Com base na recente aprovação do dictamen pela comissão do Senado, que exclui um capítulo controverso rejeitado pelos Deputados, Patricia Bullrich está urgentemente reparando laços com PRO, UCR e governadores irritados por acordos exclusivos, às vésperas da sessão de 26 de dezembro sobre o Orçamento de 2026 e a Lei de Inocência Fiscal.

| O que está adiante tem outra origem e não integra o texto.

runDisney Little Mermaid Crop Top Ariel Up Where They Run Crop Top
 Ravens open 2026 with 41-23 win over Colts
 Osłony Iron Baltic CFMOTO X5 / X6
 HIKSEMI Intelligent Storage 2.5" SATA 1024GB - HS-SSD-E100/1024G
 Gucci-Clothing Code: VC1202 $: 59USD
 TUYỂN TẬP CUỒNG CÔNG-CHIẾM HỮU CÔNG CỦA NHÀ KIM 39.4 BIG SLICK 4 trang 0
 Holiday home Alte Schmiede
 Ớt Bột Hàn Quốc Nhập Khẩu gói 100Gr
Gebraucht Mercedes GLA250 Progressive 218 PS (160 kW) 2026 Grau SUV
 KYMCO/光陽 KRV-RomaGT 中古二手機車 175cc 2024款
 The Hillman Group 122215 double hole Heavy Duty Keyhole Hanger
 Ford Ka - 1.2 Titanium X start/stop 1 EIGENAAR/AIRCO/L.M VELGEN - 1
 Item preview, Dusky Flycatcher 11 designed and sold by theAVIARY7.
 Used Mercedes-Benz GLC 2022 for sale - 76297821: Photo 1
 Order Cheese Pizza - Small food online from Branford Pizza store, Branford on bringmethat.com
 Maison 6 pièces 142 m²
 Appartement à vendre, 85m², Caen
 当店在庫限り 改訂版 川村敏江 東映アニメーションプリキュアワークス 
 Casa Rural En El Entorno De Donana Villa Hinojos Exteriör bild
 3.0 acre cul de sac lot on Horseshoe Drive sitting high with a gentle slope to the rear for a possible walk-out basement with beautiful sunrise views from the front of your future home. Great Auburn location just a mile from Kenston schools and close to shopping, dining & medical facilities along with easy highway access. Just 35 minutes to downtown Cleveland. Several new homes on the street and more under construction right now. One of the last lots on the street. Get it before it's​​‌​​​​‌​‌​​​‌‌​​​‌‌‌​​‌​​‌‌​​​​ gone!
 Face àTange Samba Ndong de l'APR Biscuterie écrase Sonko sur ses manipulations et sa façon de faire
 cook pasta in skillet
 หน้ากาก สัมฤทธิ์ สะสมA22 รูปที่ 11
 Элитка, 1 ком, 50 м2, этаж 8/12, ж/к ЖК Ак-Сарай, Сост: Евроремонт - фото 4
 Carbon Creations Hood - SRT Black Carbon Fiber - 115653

O governo argentino enfrenta tensões elevadas enquanto o Senado se prepara para sua sessão de 26 de dezembro sobre o Orçamento de 2026 e a Lei de Inocência Fiscal. Após o revés na Câmara dos Deputados na semana passada — onde La Libertad Avanza (LLA) não conseguiu avançar revogações chave nas Leis de Emergência em Deficiência e Financiamento Universitário via Artigo 75 — e a aprovação pela Comissão de Orçamento do Senado de um dictamen modificado que omite esse capítulo, a líder do bloco oficialista Patricia Bullrich se reuniu com figuras da oposição como Eduardo Vischi (UCR) e Lara Goerling (PRO) para abordar o descontentamento.

Aliados do PRO estão frustrados com acordos de coparticipação para a Cidade de Buenos Aires e um acordo com o kirchnerismo para auditores da Auditoria Geral da Nação (AGN), deixando de lado figuras como Jorge Triaca. Governadores provinciais como Osvaldo Jaldo (Tucumán) e Raúl Jalil (Catamarca) se sentem expostos por votos não consultados sobre as revogações. Gustavo Sáenz, de Salta, alertou na Rádio Mitre: “Com déficit zero, você não come, não se cura”, pedindo alternativas equilibradas para deficiência e universidades.

Senadores da União por la Patria, como Jorge Capitanich e Mariano Recalde, pressionam para eliminar o Artigo 30, que revoga partes da Lei de Educação Técnica Profissional e do sistema de Ciência e Tecnologia. O deputado do PRO Martín Ardohain criticou a inclusão de mudanças em pensões e deficiência em um artigo inadequado e as alianças com o kirchnerismo.

O presidente Javier Milei afirmou: “Temos um Orçamento, vamos ajustar as alocações para déficit zero”, em meio a dúvidas sobre os cortes; ele planeja uma reunião de unidade do gabinete em Olivos esta noite. Com o oficialismo em minoria e sem margem para reintegrar capítulos rejeitados, a Reforma Trabalhista é adiada para fevereiro, e os aliados são cruciais para evitar a derrota.

O que as pessoas estão dizendo

Discussões no X destacam os esforços frenéticos de Patricia Bullrich para reconstruir alianças com PRO, UCR e governadores antes da votação no Senado em 26 de dezembro sobre o Orçamento de 2026, após a exclusão de um capítulo controverso rejeitado pelos Deputados. Postagens otimistas preveem aprovação com votos suficientes garantidos, enquanto outras relatam o apaziguamento de tensões internas entre Bullrich e Villarruel. Vozes céticas enfatizam choques repetidos com aliados que se recusam a reabrir o texto do orçamento, sublinhando a falta de maioria absoluta do governo e a dependência de negociações.